WDD: Weighted Delta Debugging
Xintong Zhou, Zhenyang Xu, Mengxiao Zhang, Yongqiang Tian, Chengnian Sun
TL;DR
The paper tackles inefficiencies in delta debugging caused by ignoring varied fragment sizes within test inputs. It introduces Weighted Delta Debugging (WDD), which assigns weights to elements by size and uses weight-based partitioning to guide minimization, yielding two algorithms: $W_\text{ddmin}$ and $W_\text{ProbDD}$. Through extensive evaluation on HDD and Perses across 62 benchmarks (C and XML), the authors demonstrate that WDD improves both efficiency and effectiveness, producing smaller minimizations with fewer tests and faster runtimes.
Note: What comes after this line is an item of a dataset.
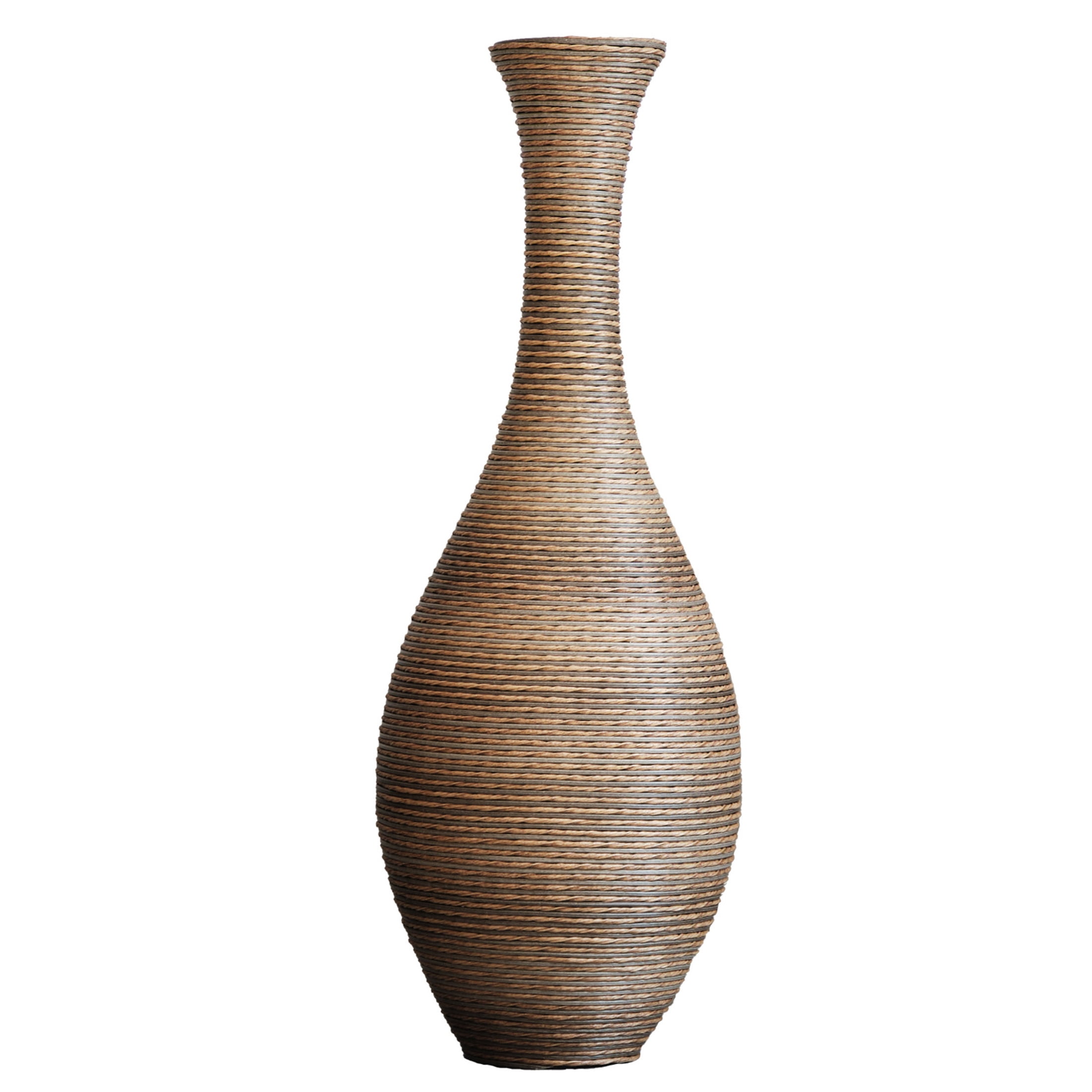 Noble House 39.37" Tall PVC Rattan-Look Floor Vase, Hand-Woven Decorative Vase for Home Decor, Beige+Gray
The work provides formalization, algorithmic development, empirical validation, and replication artifacts, offering a practical and generalizable enhancement to tree-based program reduction and debugging workflows.
Abstract
Delta Debugging is a widely used family of algorithms (e.g., ddmin and ProbDD) to automatically minimize bug-triggering test inputs, thus to facilitate debugging. It takes a list of elements with each element representing a fragment of the test input, systematically partitions the list at different granularities, identifies and deletes bug-irrelevant partitions. Prior delta debugging algorithms assume there are no differences among the elements in the list, and thus treat them uniformly during partitioning. However, in practice, this assumption usually does not hold, because the size (referred to as weight) of the fragment represented by each element can vary significantly. For example, a single element representing 50% of the test input is much more likely to be bug-relevant than elements representing only 1%. This assumption inevitably impairs the efficiency or even effectiveness of these delta debugging algorithms. This paper proposes Weighted Delta Debugging (WDD), a novel concept to help prior delta debugging algorithms overcome the limitation mentioned above. The key insight of WDD is to assign each element in the list a weight according to its size, and distinguish different elements based on their weights during partitioning. We designed two new minimization algorithms, Wddmin and WProbDD, by applying WDD to ddmin and ProbDD respectively. We extensively evaluated Wddmin and WProbDD in two representative applications, HDD and Perses, on 62 benchmarks across two languages. The results strongly demonstrate the value of WDD. We firmly believe that WDD opens up a new dimension to improve test input minimization techniques.